- Episode no.: Season 1 Episode 1
- Directed by: David Semel
- Written by: Jonathan Nolan
- Production code: 296807
- Original air date: September 22, 2011
- Running time: 45 minutes

Guest appearances
- Leon Addison Brown as Charles Robinson; Chris Chalk as Lawrence Pope; Jermaine Crawford as Michael Pope; Michael Drayer as Anton O'Mara; James Hanlon as Detective James Stills; Brian d'Arcy James as James Wheeler; Kristine Johnson as herself; Gregory Lay as Transit cop; Bruce MacVittie as Defense Attorney; Anthony Mangano as Detective Kane; Susan Misner as Jessica Arndt; Charlie Moss as Judge; Kevin Murphy as Anton's friend; Alfredo Narciso as Forensic Tech; William Sadler as Seamus O'Mara; Wolfgang Scheitinger as Henry Wheeler; Louis Vanaria as Detective Louis Azarello; Natalie Zea as Diane Hanson;

Episode chronology
| ← Previous — | Next → "Ghosts" |

= Pilot (Person of Interest) =

"Pilot" is the first episode of the crime drama television series Person of Interest. It originally aired on CBS in the United States on September 22, 2011. The episode was written by series creator Jonathan Nolan and directed by David Semel.

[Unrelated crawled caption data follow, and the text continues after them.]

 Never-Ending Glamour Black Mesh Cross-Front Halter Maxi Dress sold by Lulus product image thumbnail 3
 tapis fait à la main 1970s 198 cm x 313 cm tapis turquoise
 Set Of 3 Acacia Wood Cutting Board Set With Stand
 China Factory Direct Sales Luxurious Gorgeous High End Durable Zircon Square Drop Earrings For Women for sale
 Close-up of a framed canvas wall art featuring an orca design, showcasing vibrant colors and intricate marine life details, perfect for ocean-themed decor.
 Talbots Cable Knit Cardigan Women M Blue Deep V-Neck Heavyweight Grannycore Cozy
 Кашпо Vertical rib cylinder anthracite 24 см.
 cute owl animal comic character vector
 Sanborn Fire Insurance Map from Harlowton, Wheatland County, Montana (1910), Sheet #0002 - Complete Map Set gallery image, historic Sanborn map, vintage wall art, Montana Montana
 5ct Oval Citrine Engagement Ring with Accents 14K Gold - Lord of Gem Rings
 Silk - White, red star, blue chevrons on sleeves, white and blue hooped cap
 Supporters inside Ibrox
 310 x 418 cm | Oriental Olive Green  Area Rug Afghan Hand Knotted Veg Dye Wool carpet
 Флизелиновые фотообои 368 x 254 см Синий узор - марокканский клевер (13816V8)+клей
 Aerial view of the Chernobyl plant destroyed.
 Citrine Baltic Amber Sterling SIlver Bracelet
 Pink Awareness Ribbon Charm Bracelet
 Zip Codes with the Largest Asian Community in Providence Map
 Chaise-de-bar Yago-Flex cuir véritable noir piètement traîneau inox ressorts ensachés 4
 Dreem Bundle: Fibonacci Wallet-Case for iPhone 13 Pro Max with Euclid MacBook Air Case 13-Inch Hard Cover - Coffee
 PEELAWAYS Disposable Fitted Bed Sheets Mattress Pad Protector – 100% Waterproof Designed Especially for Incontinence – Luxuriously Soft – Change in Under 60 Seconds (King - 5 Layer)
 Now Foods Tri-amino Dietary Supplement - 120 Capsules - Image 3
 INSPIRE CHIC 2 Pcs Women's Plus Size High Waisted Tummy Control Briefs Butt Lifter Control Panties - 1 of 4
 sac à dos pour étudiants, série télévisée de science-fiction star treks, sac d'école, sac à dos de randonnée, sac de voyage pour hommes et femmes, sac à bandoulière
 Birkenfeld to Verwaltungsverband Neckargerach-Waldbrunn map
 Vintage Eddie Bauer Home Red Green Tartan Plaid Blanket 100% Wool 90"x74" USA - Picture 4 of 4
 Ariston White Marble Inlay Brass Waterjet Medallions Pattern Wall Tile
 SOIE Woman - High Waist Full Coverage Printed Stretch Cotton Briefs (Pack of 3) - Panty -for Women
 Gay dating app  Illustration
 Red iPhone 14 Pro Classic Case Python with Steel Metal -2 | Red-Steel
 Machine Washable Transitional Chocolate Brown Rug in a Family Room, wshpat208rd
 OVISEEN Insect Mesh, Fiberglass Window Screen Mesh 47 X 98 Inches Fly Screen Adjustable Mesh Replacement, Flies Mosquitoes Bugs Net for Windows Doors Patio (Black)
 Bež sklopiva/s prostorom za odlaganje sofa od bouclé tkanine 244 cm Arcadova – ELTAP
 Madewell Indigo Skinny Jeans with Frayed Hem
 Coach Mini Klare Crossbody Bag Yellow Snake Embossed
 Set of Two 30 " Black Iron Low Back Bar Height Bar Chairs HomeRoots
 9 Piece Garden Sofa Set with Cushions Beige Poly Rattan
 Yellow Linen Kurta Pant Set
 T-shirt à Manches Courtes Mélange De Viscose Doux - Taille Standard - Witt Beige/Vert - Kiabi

Reviews for the episode were largely positive. In the United States, the series premiere achieved a viewership of 13.33 million.

==Plot==
John Reese (Jim Caviezel), a former CIA Agent and United States Army Special Forces soldier-turned homeless alcoholic, has a struggle with a group of hot-headed teenagers on the subway in New York City. After this, he is extracted from police custody before New York Police Department Homicide Detective Joss Carter (Taraji P. Henson) can confront him on his links to previous killings discovered through analysis of his fingerprints on the police system.

Reese is brought to a mysterious and secretive billionaire, Harold Finch (Michael Emerson), who eventually reveals that he is the creator of a powerful AI known simply as "The Machine". After 9/11, Finch developed a computer program that can sift through enormous amounts of data, looking for patterns of behavior or activity that would predict another attack. It also provided information about individuals who could be in danger; it can predict the identity of a person involved in a premeditated crime that will happen at some point in the future – however, Finch's back-door link to the Machine only provides the Social Security number of the person, and offers no clues to their involvement or when the crime will take place.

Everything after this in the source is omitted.